◆ **Supplied entries**

[Start of section]

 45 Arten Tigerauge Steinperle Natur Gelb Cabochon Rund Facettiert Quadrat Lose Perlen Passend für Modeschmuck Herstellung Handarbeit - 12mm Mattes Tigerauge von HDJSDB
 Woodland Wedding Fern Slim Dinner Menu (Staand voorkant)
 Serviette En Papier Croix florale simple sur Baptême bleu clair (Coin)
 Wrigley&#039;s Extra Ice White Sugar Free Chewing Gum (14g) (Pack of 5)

[End of section]
[Start of section]

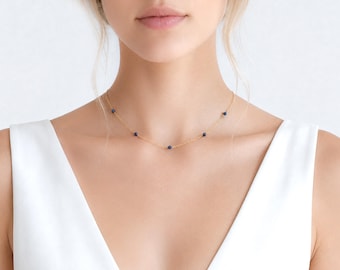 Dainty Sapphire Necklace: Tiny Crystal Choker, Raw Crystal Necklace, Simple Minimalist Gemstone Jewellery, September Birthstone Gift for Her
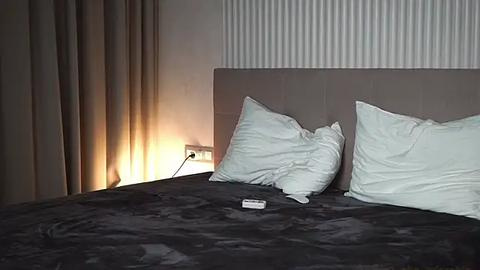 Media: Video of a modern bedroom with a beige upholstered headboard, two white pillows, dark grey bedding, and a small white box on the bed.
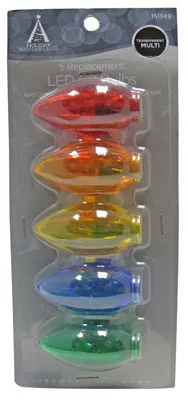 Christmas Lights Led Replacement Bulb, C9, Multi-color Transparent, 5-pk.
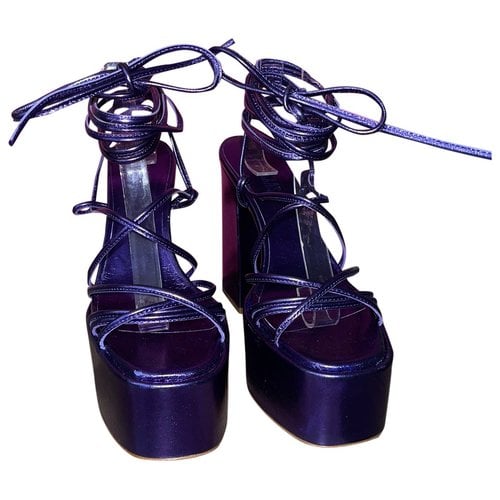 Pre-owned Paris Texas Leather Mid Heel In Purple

[End of section]
[Start of section]

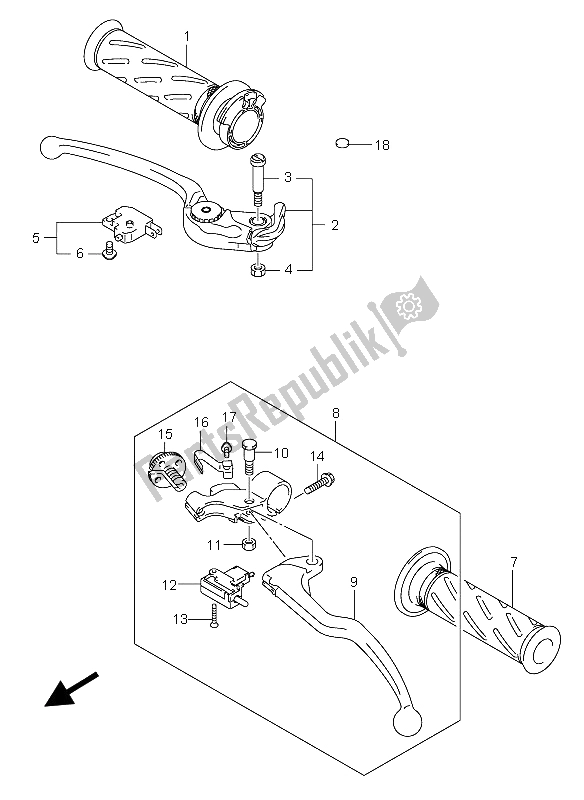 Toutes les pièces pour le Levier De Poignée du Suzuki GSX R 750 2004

[End of section]

◆ **Required action**
Once you find the line with "Woodland Wedding Fern" above, print it and every line after it up to and including the line with "Wrigley&#039;s Extra Ice", exactly as written and nothing else.

◆ **Solution to this task**
 Woodland Wedding Fern Slim Dinner Menu (Staand voorkant)
 Serviette En Papier Croix florale simple sur Baptême bleu clair (Coin)
 Wrigley&#039;s Extra Ice White Sugar Free Chewing Gum (14g) (Pack of 5)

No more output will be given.